**About this exercise:**
Of the records that follow, copy only the lines from the line containing "BOXED LUGG TRAVEL CABIN BAG" to the line containing "0.5 CT Fancy Vivid Pink MARQUISE", both included, exactly as written.

**Data records:**
━━━

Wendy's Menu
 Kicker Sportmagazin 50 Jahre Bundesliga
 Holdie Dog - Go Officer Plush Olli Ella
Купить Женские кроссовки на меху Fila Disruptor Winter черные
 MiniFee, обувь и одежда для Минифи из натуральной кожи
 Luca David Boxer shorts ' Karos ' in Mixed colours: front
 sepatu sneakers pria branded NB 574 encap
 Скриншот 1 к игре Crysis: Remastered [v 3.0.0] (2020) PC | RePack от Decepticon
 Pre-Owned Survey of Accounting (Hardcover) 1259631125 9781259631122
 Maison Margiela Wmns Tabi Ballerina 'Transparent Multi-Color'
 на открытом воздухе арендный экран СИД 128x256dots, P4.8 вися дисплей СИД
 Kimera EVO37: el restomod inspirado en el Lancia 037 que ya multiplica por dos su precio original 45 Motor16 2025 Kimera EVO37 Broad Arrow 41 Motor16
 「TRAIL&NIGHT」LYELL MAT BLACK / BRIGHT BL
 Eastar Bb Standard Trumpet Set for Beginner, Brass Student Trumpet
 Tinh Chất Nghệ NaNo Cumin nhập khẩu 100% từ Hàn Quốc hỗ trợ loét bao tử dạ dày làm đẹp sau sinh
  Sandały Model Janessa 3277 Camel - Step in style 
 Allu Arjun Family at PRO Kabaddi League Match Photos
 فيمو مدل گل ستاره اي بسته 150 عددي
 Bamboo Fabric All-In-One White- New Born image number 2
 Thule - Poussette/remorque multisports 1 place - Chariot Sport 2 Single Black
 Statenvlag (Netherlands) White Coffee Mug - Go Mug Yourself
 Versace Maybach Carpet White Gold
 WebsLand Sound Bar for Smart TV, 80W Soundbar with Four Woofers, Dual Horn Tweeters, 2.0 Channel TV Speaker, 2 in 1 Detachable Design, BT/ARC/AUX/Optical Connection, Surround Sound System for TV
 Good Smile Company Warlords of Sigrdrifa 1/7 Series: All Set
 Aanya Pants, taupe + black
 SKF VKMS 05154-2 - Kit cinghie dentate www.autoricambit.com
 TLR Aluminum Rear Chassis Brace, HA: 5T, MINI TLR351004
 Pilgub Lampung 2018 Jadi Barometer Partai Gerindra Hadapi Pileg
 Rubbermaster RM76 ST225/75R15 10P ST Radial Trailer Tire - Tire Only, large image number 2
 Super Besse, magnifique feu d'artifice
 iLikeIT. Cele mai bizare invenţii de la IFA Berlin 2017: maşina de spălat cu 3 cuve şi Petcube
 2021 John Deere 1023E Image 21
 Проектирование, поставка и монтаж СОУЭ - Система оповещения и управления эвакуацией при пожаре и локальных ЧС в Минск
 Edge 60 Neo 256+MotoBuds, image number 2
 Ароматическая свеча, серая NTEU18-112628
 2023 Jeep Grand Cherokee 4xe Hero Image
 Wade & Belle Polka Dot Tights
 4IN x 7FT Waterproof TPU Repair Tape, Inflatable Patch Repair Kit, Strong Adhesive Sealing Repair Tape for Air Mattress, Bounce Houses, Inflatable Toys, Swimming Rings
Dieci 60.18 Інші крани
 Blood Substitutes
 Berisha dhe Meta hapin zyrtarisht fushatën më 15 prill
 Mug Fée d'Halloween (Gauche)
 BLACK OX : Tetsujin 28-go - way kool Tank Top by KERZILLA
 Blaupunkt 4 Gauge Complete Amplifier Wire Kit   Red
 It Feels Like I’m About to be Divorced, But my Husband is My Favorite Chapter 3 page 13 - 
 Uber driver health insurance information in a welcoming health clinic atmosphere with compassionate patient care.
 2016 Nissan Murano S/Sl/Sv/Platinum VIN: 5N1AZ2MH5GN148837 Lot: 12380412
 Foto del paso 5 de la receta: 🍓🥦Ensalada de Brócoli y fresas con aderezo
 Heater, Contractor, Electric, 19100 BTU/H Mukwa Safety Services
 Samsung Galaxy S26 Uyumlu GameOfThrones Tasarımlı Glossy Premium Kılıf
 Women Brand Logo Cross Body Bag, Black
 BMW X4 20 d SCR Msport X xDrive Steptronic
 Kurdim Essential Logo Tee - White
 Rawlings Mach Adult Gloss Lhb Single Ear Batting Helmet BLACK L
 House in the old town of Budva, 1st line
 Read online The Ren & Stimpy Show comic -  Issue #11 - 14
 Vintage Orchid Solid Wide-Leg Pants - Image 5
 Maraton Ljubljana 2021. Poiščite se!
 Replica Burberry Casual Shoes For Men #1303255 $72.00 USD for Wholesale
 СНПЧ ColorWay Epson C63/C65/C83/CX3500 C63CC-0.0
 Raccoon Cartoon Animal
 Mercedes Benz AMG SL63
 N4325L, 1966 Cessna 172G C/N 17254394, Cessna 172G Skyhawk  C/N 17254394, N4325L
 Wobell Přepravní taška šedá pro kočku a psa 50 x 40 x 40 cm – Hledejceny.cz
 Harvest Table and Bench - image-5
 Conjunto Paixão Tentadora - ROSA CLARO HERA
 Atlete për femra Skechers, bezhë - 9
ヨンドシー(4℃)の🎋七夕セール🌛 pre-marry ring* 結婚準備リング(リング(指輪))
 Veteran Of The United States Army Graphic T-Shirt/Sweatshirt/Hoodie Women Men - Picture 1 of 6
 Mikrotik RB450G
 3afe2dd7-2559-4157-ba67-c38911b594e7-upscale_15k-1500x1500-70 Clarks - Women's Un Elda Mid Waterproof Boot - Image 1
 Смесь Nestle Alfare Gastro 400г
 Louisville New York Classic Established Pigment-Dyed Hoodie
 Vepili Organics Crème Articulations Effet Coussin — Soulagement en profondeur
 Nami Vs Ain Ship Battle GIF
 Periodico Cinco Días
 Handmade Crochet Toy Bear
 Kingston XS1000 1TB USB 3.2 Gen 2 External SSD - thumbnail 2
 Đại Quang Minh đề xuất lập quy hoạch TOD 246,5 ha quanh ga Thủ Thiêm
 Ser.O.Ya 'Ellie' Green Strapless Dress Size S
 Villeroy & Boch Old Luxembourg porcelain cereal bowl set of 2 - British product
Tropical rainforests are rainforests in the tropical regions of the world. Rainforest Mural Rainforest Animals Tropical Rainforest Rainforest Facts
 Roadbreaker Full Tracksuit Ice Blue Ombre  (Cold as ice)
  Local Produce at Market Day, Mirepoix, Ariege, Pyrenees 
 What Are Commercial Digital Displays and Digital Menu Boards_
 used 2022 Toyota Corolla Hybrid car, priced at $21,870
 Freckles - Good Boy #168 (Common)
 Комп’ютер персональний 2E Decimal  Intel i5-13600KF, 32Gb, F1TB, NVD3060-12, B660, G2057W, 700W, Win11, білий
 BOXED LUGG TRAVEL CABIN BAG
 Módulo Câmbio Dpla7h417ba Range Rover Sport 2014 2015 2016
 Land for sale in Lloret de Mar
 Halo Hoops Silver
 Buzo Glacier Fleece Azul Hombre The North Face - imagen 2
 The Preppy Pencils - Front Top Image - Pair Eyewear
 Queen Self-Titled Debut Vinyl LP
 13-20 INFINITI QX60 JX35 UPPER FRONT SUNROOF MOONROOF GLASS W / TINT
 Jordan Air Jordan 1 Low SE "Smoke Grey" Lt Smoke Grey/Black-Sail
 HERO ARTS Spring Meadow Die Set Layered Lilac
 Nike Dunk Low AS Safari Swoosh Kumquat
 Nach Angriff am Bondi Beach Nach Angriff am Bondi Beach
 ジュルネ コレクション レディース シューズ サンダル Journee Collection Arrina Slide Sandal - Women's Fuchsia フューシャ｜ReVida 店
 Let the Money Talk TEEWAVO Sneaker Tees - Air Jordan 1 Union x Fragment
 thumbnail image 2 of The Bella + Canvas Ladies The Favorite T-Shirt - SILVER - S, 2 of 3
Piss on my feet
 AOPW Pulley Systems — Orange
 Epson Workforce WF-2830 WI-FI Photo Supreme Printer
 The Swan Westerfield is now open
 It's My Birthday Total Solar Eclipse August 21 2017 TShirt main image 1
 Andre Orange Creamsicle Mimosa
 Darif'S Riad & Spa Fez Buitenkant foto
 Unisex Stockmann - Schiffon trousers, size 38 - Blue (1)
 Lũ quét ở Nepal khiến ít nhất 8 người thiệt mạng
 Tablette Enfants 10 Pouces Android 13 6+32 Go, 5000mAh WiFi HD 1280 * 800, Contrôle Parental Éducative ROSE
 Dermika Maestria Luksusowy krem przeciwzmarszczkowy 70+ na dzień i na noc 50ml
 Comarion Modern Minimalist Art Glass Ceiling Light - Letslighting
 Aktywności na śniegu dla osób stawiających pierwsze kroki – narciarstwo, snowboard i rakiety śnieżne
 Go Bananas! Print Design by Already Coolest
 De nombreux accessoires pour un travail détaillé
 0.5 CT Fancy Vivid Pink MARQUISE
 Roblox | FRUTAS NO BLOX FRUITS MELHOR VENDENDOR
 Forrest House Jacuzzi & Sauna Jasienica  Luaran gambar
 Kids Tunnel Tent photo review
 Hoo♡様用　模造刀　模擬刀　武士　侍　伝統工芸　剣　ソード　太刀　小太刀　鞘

━━━

**Written reply:**
 BOXED LUGG TRAVEL CABIN BAG
 Módulo Câmbio Dpla7h417ba Range Rover Sport 2014 2015 2016
 Land for sale in Lloret de Mar
 Halo Hoops Silver
 Buzo Glacier Fleece Azul Hombre The North Face - imagen 2
 The Preppy Pencils - Front Top Image - Pair Eyewear
 Queen Self-Titled Debut Vinyl LP
 13-20 INFINITI QX60 JX35 UPPER FRONT SUNROOF MOONROOF GLASS W / TINT
 Jordan Air Jordan 1 Low SE "Smoke Grey" Lt Smoke Grey/Black-Sail
 HERO ARTS Spring Meadow Die Set Layered Lilac
 Nike Dunk Low AS Safari Swoosh Kumquat
 Nach Angriff am Bondi Beach Nach Angriff am Bondi Beach
 ジュルネ コレクション レディース シューズ サンダル Journee Collection Arrina Slide Sandal - Women's Fuchsia フューシャ｜ReVida 店
 Let the Money Talk TEEWAVO Sneaker Tees - Air Jordan 1 Union x Fragment
 thumbnail image 2 of The Bella + Canvas Ladies The Favorite T-Shirt - SILVER - S, 2 of 3
Piss on my feet
 AOPW Pulley Systems — Orange
 Epson Workforce WF-2830 WI-FI Photo Supreme Printer
 The Swan Westerfield is now open
 It's My Birthday Total Solar Eclipse August 21 2017 TShirt main image 1
 Andre Orange Creamsicle Mimosa
 Darif'S Riad & Spa Fez Buitenkant foto
 Unisex Stockmann - Schiffon trousers, size 38 - Blue (1)
 Lũ quét ở Nepal khiến ít nhất 8 người thiệt mạng
 Tablette Enfants 10 Pouces Android 13 6+32 Go, 5000mAh WiFi HD 1280 * 800, Contrôle Parental Éducative ROSE
 Dermika Maestria Luksusowy krem przeciwzmarszczkowy 70+ na dzień i na noc 50ml
 Comarion Modern Minimalist Art Glass Ceiling Light - Letslighting
 Aktywności na śniegu dla osób stawiających pierwsze kroki – narciarstwo, snowboard i rakiety śnieżne
 Go Bananas! Print Design by Already Coolest
 De nombreux accessoires pour un travail détaillé
 0.5 CT Fancy Vivid Pink MARQUISE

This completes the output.